A Word about the Midterm Exam

There is, as promised, a simple E_h-pH diagram on the exam. There is at least one pH-controlled equilibrium. Now let’s revisit the aluminum diagram that was constructed in class. We had total aluminum activity at 1 M. We took the solubility product of Al(OH)₃, plugged in 1 M Al, and calculated the activity of OH^– that would make the ion activity product equal to the solubility product. At that OH^– activity, the first crystals of Al(OH)₃ would form.

But then what? As Al(OH)₃ formed, the Al³⁺ activity would fall, and Al(OH)₃ would stop precipitating. If 99+% of the aluminum is still in solution, what is the dominant species? I would say that the boundary ought to be at the pH where exactly half the aluminum is still in solution. In the case of our 1 M aluminum system, {Al³⁺} would be 0.5 M. Aluminum activity in solution is at 0.5 M when exactly half the Al is precipitated. It generally makes a small difference in pH, but I think it is important. That is why I have stipulated this approach on the exam.

Sediment Overview

Sediments and their influences were covered on several different days in large, difficult-to-digest chunks. Here is an overview of what it all means.
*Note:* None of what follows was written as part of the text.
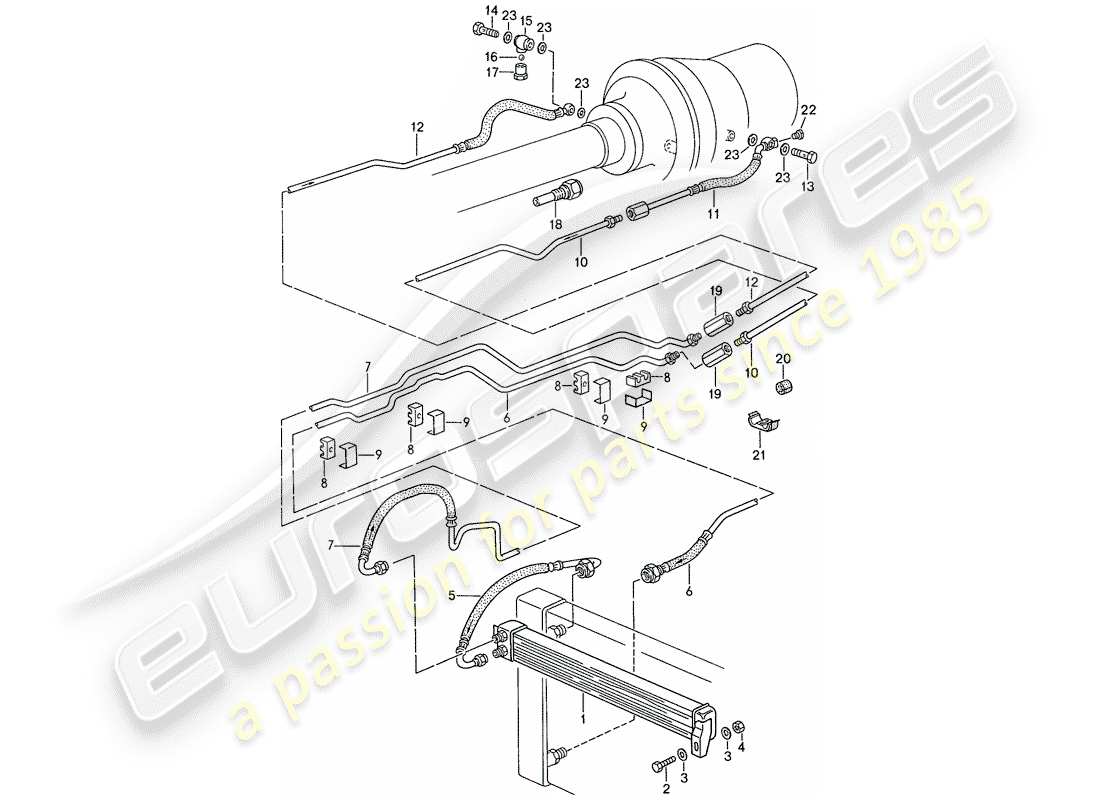 porsche 1987 (928) automatic transmission - atf cooler - atf lines - for vehicles with - catalyst - mod.88-11/88 (mod.89) part diagram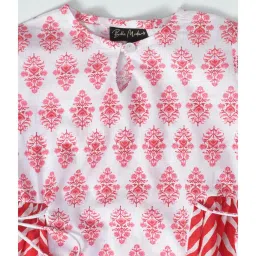 Bella Moda Kids Maroon Printed Full Sleeves Kurti with Pants image 4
A lot of the metals in water reside in the sediments rather than in solution.
The way these metals are bound to the sediments varies from metal to metal and from sediment to sediment, and it changes with changes in pH and E_h.
Metals can reside on sediments in 3 ways: within the mineral lattice, bound to mineral surfaces as a coating, and bound to organic matter.
These 3 solute-binding mechanisms are expanded to define 5 categories of sediment-bound metals: exchangeable, bound to carbonates, bound to oxyhydroxides, bound to organics, and included within mineral lattices. An analytical scheme has been worked out to identify and separate these contaminant categories.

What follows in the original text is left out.